- What is needed: In the entries below, which lines run from the one with "Mahasiswa FTV Lulus Sidang TA" through the one with "Hyundai Ioniq"? Repeat exactly those, both included, and no pictures.

- Supplied entries:
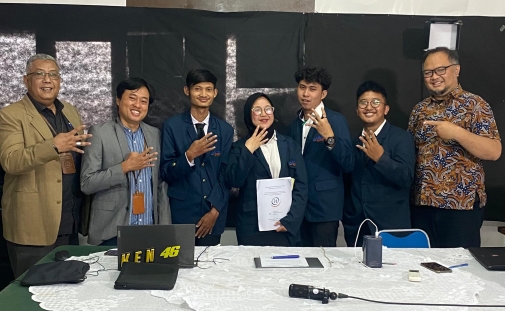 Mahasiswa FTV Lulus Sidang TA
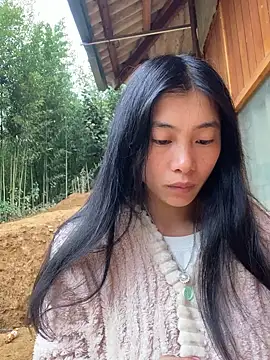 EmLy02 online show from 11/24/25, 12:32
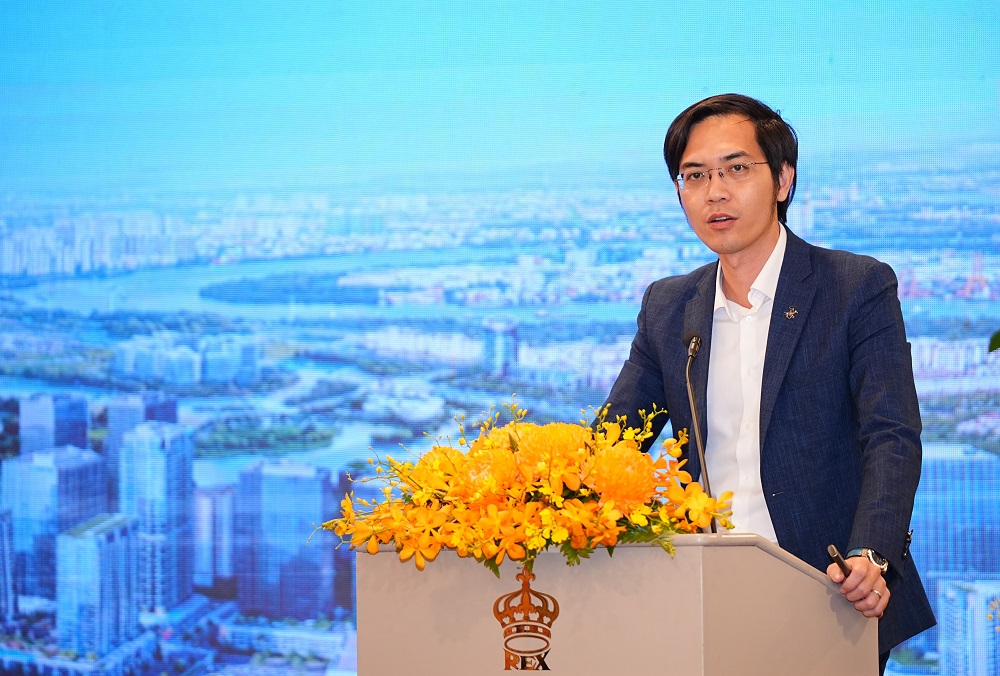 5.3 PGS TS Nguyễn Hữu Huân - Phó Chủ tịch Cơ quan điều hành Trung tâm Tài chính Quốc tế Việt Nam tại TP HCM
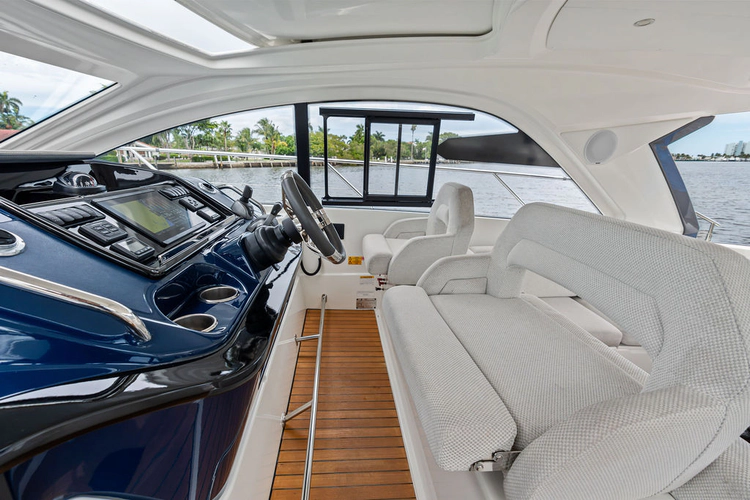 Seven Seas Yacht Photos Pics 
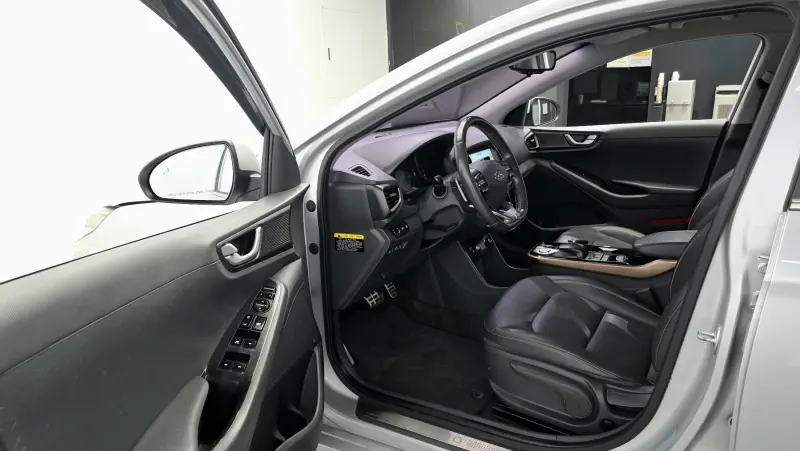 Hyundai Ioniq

==

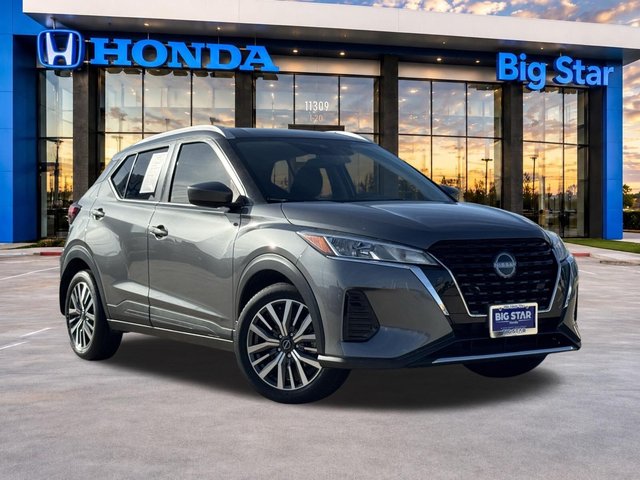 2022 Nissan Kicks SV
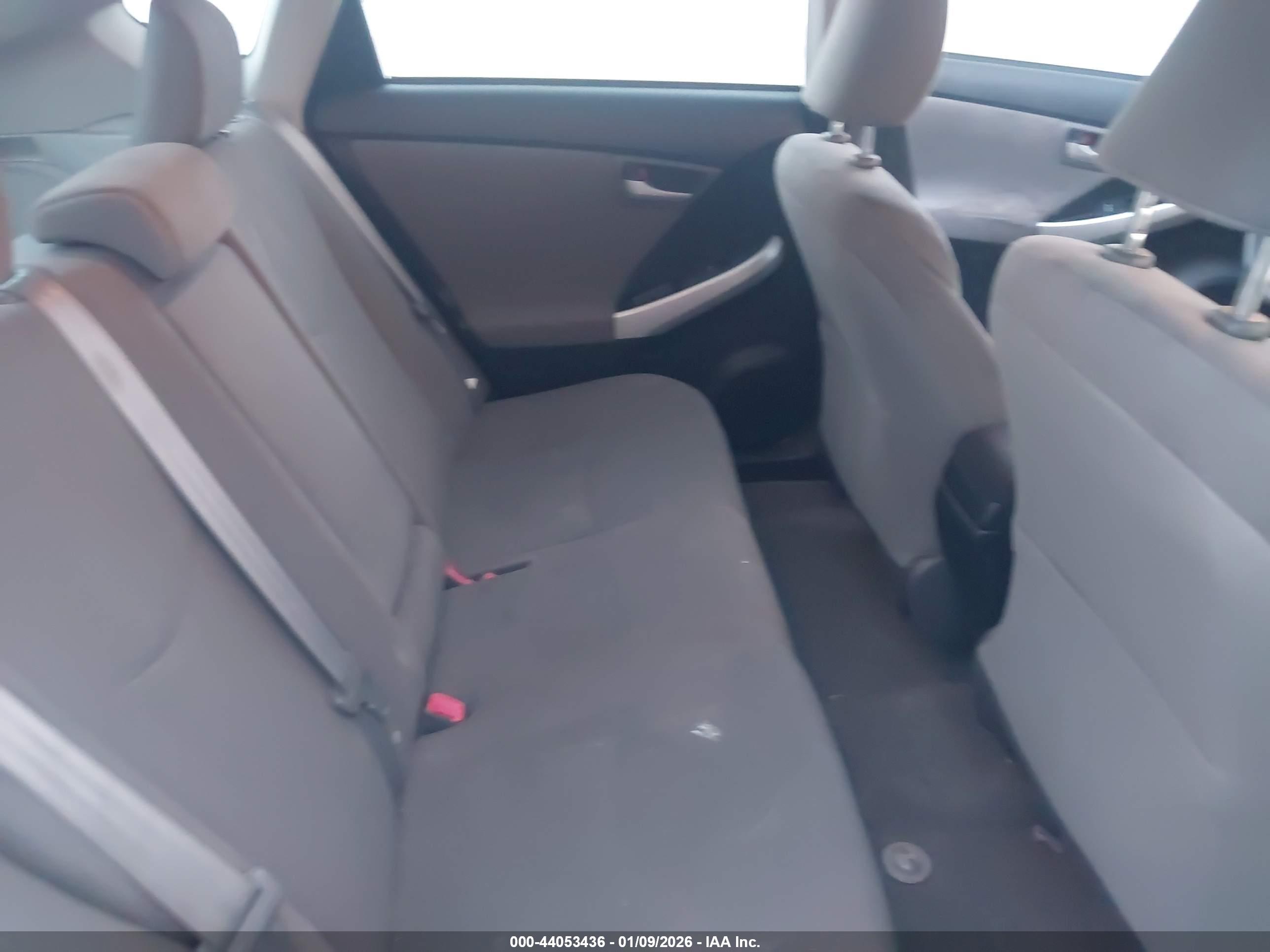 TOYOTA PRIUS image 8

- Result of the exercise:
 Mahasiswa FTV Lulus Sidang TA
 EmLy02 online show from 11/24/25, 12:32
 5.3 PGS TS Nguyễn Hữu Huân - Phó Chủ tịch Cơ quan điều hành Trung tâm Tài chính Quốc tế Việt Nam tại TP HCM
 Seven Seas Yacht Photos Pics 
 Hyundai Ioniq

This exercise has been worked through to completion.